International Conductors’ Academy of the Allianz Cultural Foundation

I vespri siciliani – Overture
Piano Concerto No.23 in A, K488
Symphony No.4 in B flat, Op.60

Severin von Eckardstein (piano)

Philharmonia Orchestra
Anna-Maria Helsing [Verdi]
Christian Schumann [Mozart]
Matthew Coorey

Reviewed by: Douglas Cooksey

Reviewed: 26 March, 2009
Venue: Southbank Centre, London – Royal Festival Hall

Launched in 2003, the International Conductors’ Academy is a collaboration between the London Philharmonic and Philharmonia orchestras which aims to select three young conductors each year to participate in a training programme throughout the concert season and share a concert in the Royal Festival Hall.
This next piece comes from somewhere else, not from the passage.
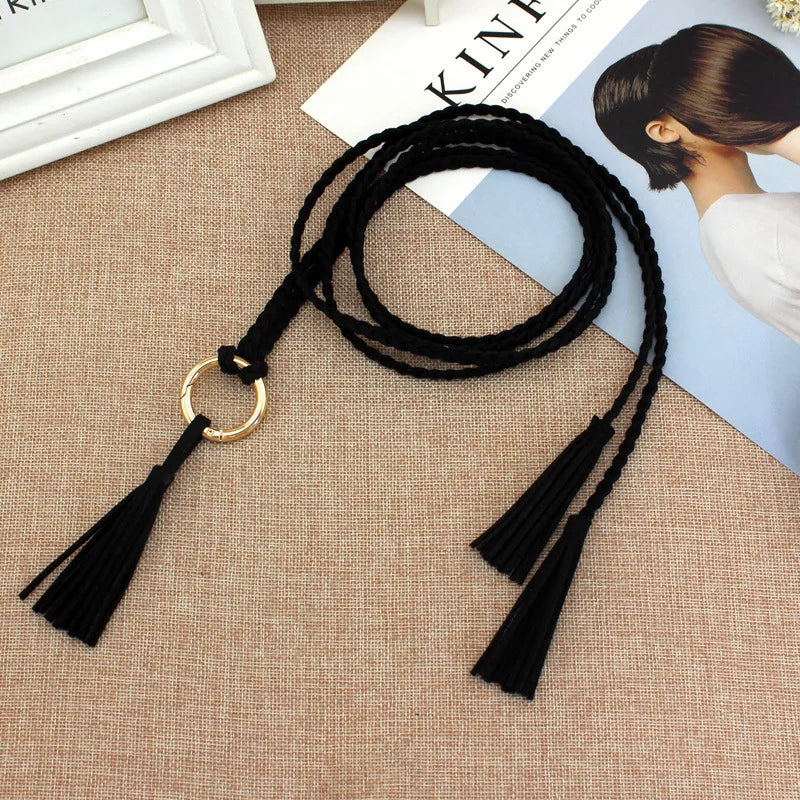 Tassel Ring Knitted Waist Chain Lady Belt for Women Dress Decoration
Unlike conducting competitions, those chosen spend a great deal of time across the season not only with the orchestras but also with the various departments of orchestras’ respective management as well as meeting agents, composers, record-company representatives and others involved in the music business. The resulting atmosphere is more collegiate than competitive.

Without continued funding from the Allianz Cultural Foundation, it has now become necessary for the orchestras to absorb the costs of this programme into their own budgets and it is greatly to their credit that, despite restricted resources, they have done so; London has more orchestras then any other major city and if it is to maintain its position, development programmes such as this are essential. Especially given that both orchestras have put money in, there is surely now an unarguable case for additional public funding.

This year’s trio included the Australian Matthew Coorey, currently Assistant Conductor of the Royal Liverpool Philharmonic and a one-time horn-player, Anna-Maria Helsing, a recent graduate of Helsinki’s Sibelius Acadamy who – like Coorey – has studied with Jorma Panula, and Christian Schumann, German-born but of Hungarian descent, who has a particular interest in the synthesis of music and film.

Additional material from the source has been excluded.